G.Ch. - Największy artystyczny sukces? M.G. - Bardzo dużo pasji i co za tym idzie, spełnienia w pracy, w życiu. Myślę, że właśnie to jest moim największym sukcesem. G.Ch. - Wiemy, że wśród licznych obowiązków zawodowych znajduje Pani także czas na działalność charytatywną. M.G. - O tak. To dla mnie bardzo ważny temat. Wiąże się z jedną z najważniejszych osób w moim życiu. Moja babcia przez lata zmagała się z chorobą nowotworową. Niestety, nie ma jej już z nami. Dziś jest moim Aniołem. I to dla niej postanowiłam przekazywać pacjentom dobrą energię poprzez sztukę. Odwiedzam szpitalne oddziały, pomagam chorym, organizuję koncerty. Ostatnio również, z grupą MAD, dajemy charytatywne koncerty dla dzieci z domów dziecka.

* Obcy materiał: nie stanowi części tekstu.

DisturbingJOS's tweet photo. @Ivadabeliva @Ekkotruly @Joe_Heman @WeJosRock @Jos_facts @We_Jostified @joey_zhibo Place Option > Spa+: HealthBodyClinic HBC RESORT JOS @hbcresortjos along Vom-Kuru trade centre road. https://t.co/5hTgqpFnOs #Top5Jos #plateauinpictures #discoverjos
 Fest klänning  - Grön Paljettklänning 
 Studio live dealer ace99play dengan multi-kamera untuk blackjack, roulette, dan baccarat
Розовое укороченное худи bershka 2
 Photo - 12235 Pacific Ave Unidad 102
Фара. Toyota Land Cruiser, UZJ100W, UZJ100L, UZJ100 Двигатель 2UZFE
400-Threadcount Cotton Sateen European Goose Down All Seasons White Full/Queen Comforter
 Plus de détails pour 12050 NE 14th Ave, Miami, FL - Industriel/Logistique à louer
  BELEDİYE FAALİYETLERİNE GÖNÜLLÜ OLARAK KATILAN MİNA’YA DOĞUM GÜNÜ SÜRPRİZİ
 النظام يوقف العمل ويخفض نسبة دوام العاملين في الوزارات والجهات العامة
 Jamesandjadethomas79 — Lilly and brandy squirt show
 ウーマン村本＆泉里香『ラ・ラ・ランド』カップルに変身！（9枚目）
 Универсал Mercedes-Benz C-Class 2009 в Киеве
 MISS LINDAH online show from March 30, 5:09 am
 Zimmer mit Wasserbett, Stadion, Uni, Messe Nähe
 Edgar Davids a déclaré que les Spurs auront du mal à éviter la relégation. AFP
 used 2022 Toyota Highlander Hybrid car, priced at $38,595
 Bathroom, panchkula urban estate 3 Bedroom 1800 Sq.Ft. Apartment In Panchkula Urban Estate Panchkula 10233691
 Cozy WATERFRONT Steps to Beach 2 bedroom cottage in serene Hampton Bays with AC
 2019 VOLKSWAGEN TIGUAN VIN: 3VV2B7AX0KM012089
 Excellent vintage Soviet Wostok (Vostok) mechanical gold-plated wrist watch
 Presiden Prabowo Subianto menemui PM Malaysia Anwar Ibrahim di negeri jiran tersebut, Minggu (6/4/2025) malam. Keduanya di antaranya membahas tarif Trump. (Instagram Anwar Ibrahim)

G.Ch. - Największe artystyczne marzenie? M.G. - Moim największym marzeniem jest, jak najdłużej się realizować, dzielić artystyczną pasją, obcować z ludźmi, urzeczywistniać kolejne projekty. Ważne jest dla mnie także być dobrym człowiekiem. To idzie ze sobą w parze. Im bardziej pracuję nad swoim wnętrzem, im bardziej rozumiem swoje odczucia i emocje w życiu prywatnym, tym lepiej oddaję je na scenie.
G.Ch. - Kiedy zobaczymy Pani występ w Chojnowie? M.G. - Mam nadzieję, że już niedługo. Kocham występować w Chojnowie, oczywiście u Pani Aluni w kultowej Jubilatce. Chojnowska publiczność jest dla mnie wyjątkowa - wspaniała, życzliwa, energetyczna. Każdy dotychczasowy spektakl w Chojnowie wspominam bardzo miło i zawsze z przyjemnością wystąpię na rodzimej scenie.